It was hard to go back to school this morning. But, it's less than two months til summer and our trip to Italy. Yippee!

Wednesday, March 21, 2012

Troll capital of the world (and Madison)

Mica and Harrison were kind enough to invite us along on their Spring Break getaway to Madison. So, we set off on Sunday morning and soon arrived at the Edgewater hotel, which is the self-proclaimed hotel of choice among "visiting celebrities to Madison." Alas, we didn't see any celebrities, perhaps because it's the off-season.

We explored downtown and the campus area and then enjoyed dinner at The Old-Fashioned, where we had amazing cheese curds, and I had the mac and cheese. Then, because we hadn't had enough dairy, we enjoyed some delicious Madison ice cream from Chocolate Shoppe.

Me and Darby

Harrison and Mica. They're way cooler than us.

Mica and me at dinner. On a whim, I got my hair cut short again.

Saturday, we had breakfast at Magnolia, then wandered around downtown in the rain before deciding to drive to the Cave of the Mounds, the "premier cave of the upper Midwest." I'm not sure how many caves it's competing against, but it was pretty cool. Mica dazzled us all by correctly answering all of the guide's questions.

Me and Darby under the stalactite "chandelier." It was pretty cold in there.

While there, we saw advertisements for the Wisconsin "Trollway" and were too curious to pass it up. So, we drove a little ways to Mount Horeb, which was the cutest little town. It has a large Scandinavian population, and there are tons of cute shops and restaurants. Plus, there are like 15 troll statues scattered across town. We never found the elusive "bonus troll," although I'm sure we made some bank employees' day when we wandered into the lobby in search of the troll. I've decided that, if we can't live in Texas, I'd like to live in Mount Horeb, where I would spend all day eating cheese curds and ice cream and visiting all of the trolls.

One of the many trolls. It looks a little creepy, but we were assured that they are friendly trolls.

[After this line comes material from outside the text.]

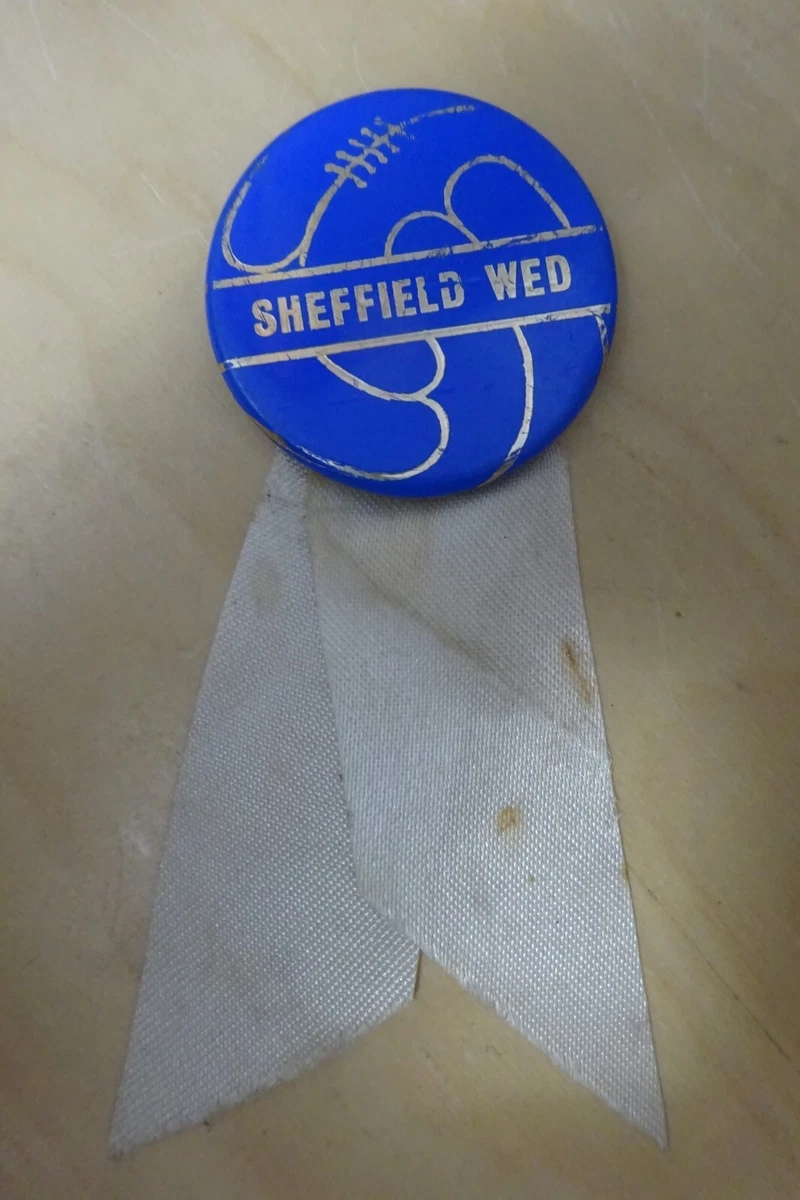 Sheffield Wednesday Could Be Set For Shock Takeover As Billionaire Eyes Hillsborough Move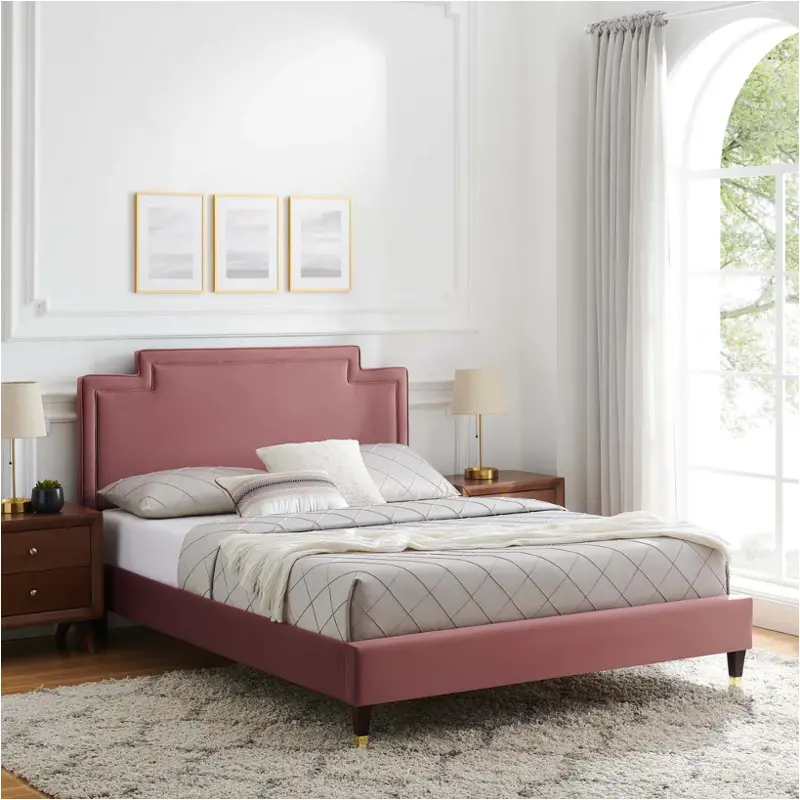 homelivingfurniture-220260618065049918648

It was a great getaway and made my Spring Break not completely boring. I always feel a little nervous before going on a trip with other people, but it worked out marvelously. We all love to eat, and we've now discovered a shared passion for spotting troll statues. Who knew? Perhaps the most amazing thing about this trip was that I didn't plan it! Mica and Harrison made our hotel reservations, drove us there, navigated the city, etc. We were just along for the ride, and I loved it.

Monday, March 12, 2012

Good things

Well, I didn't mean to leave that sad post up for so long. I'm feeling much better now. Things have just been busy, and I haven't had time to post. A few good things from the past two weeks:
  • The 70-degree temps. Despite the wind, it's still lovely.
  • Looking forward to a quick trip to Madison with Mica and Harrison over Spring Break. I was feeling a little down about not having any plans for the break, so I was so excited when Mica invited us.
  • My first experience with Korean karaoke. For Jin's birthday, we all went. I was hesitant at first because I was picturing traditional karaoke. But this is way different. Your group goes in a room and you all sing together. It's awesome! Reminded me of playing Karaoke Revolution in high school with my girlfriends.
  • My new orange jacket. One night when Darby was out of town, I went crazy online shopping. I put like 15 things in my cart. Luckily, I came to my senses and only bought 2. I'm very satisfied with my purchase. The bright color makes me happy.

My new jacket. I'm laughing because I feel so stupid taking my own picture in the mirror.